Thursday, 2 January 2014

Clouds Stuffed With Rocks

Or, when is a cloud not a cloud? (But I like the imagery of the first title better!)

I began thinking about this a while ago: How does managing a cloud-like or Database-as-a-Service environment change a DBA's day to day role? And after a chance comment by one speaker at the Oracle Day event in Dublin last November, I began to seriously consider that maybe it doesn't, maybe a cloud only looks like a cloud from the user/client perspective, but not to the DBA.

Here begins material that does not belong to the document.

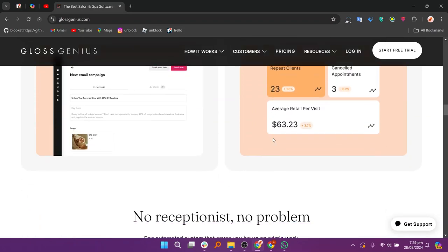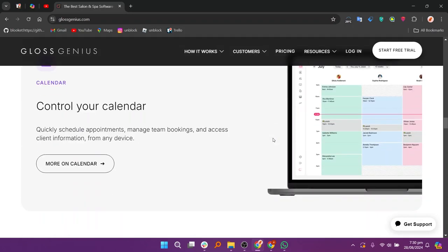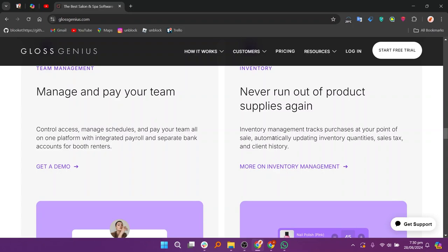Now add and manage your services through the dashboard. Next, set up your client portal to enable self-booking and manage appointments using the calendar feature. After that, link your payment methods to process transactions and send invoices.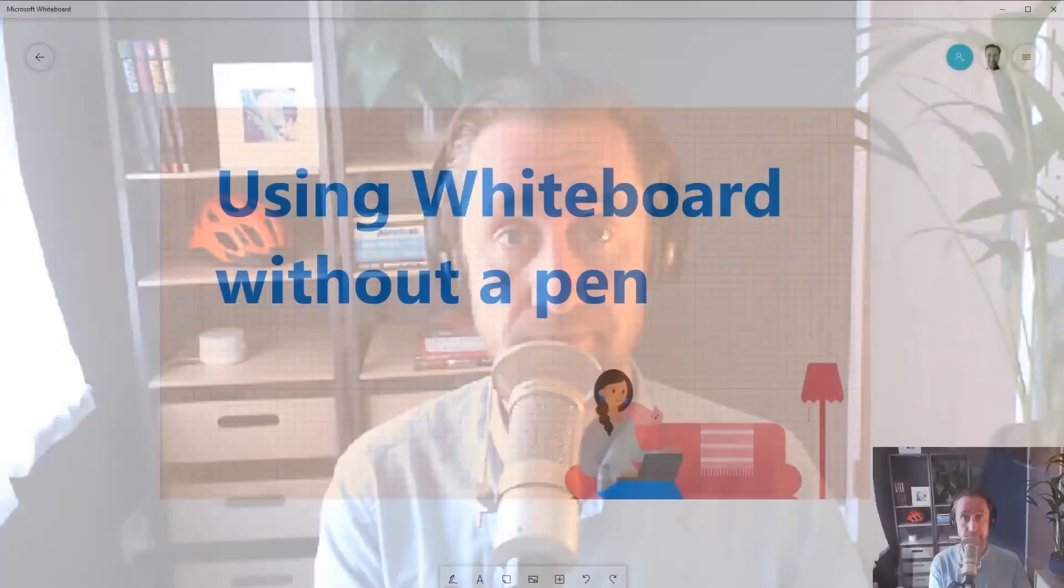Hi, this is March from the Whiteboard team. You might think that you need a digital pen to use Whiteboard for Windows 10, or at least a touchscreen, but this video is about unlocking the power of Whiteboard using your mouse and keyboard.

My current employer began a massive consolidation and standardisation program across all their Oracle and SQL Server installations a few years ago, and gradually this morphed into what we might now think of as a cloud, or more precisely DBaaS. We wanted to remove complexity from all our users, so they never had to consider where their database was, what it was running on, how it was managed -- everything would be just there. The users provided some information (size, number of users, etc) up front, we ran through some sizing algorithms, and slotted the new schemas into our pool of databases. The end user got a service name alias and some login credentials, and access to the databae resources they needed. Job done.

So database management became significantly simpler from the users' point of view. But it didn't change much from the DBA perspective. We still had backups to manage, queries to tune, user ids to create and reset, the occasional storage issue to resolve, and all the usual DBA bits and bobs.

The standardisation of the database configuration and environment simplified a few tasks (but did not remove them), and we had a new streamlined provisioning process; but after the easier set up, little changed in the DBA role -- we are still managing what amounts to a large collection of separate databases.

As with all DBA tasks, the technology moves inexorably forwards, making it all a bit easier (though not always simpler!), with the latest advances in Oracle 12c and OEM12c making provisioning and management easier still.

But I'm not convinced that DBaaS as a concept changes that much for the DBA.